§ **WHAT IS EXPECTED**:
Go to the line with "Berry and citrus" in the entries below and write out every line from there through the line with "A decorative throw", exactly and without pictures.

§ **GIVEN INFORMATION**:
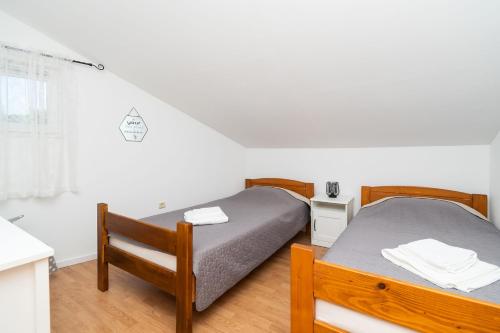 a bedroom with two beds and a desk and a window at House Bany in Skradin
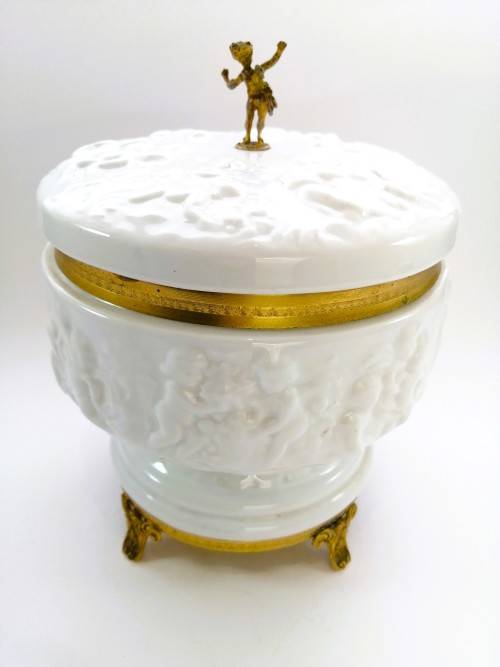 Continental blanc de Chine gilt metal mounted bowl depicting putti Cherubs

...

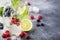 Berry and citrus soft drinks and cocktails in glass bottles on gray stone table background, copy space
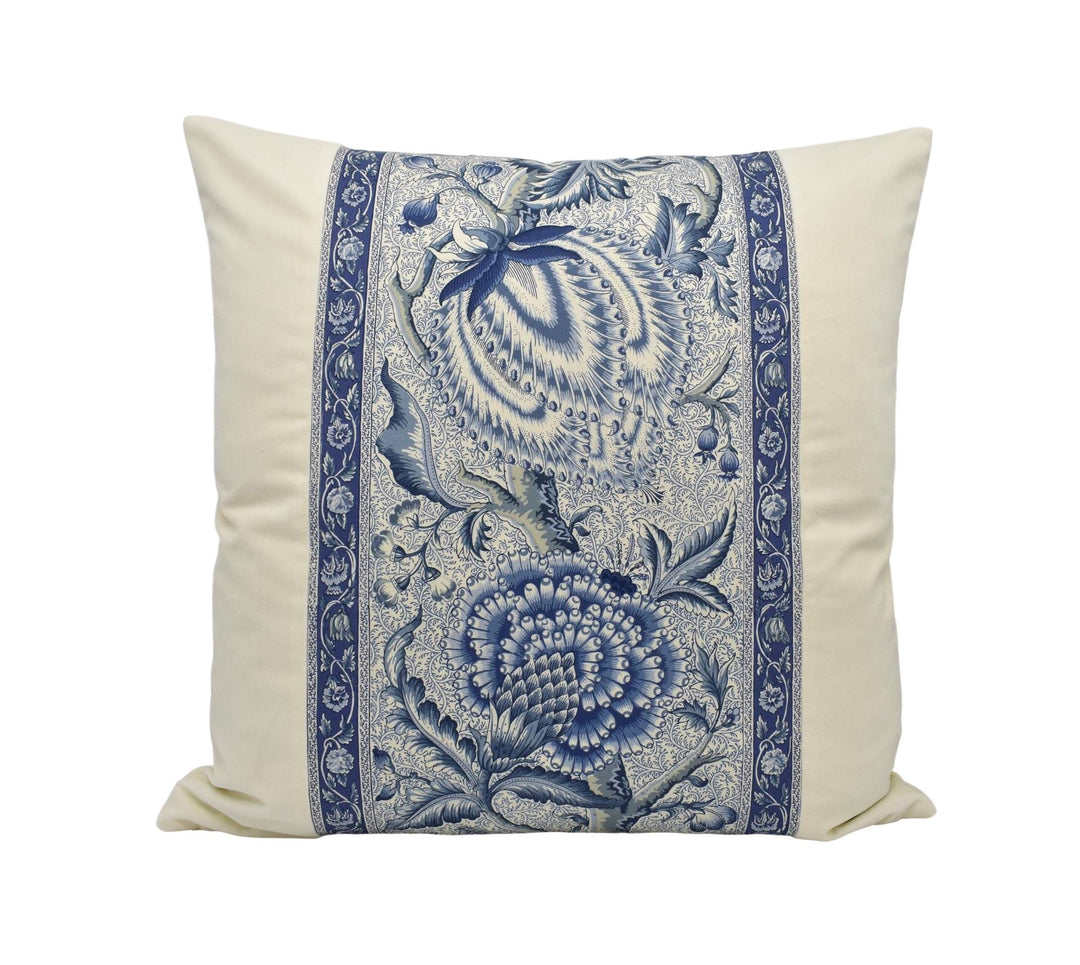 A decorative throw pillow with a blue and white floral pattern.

§ **OUTPUT FOR THIS TASK**:
 Berry and citrus soft drinks and cocktails in glass bottles on gray stone table background, copy space
 A decorative throw pillow with a blue and white floral pattern.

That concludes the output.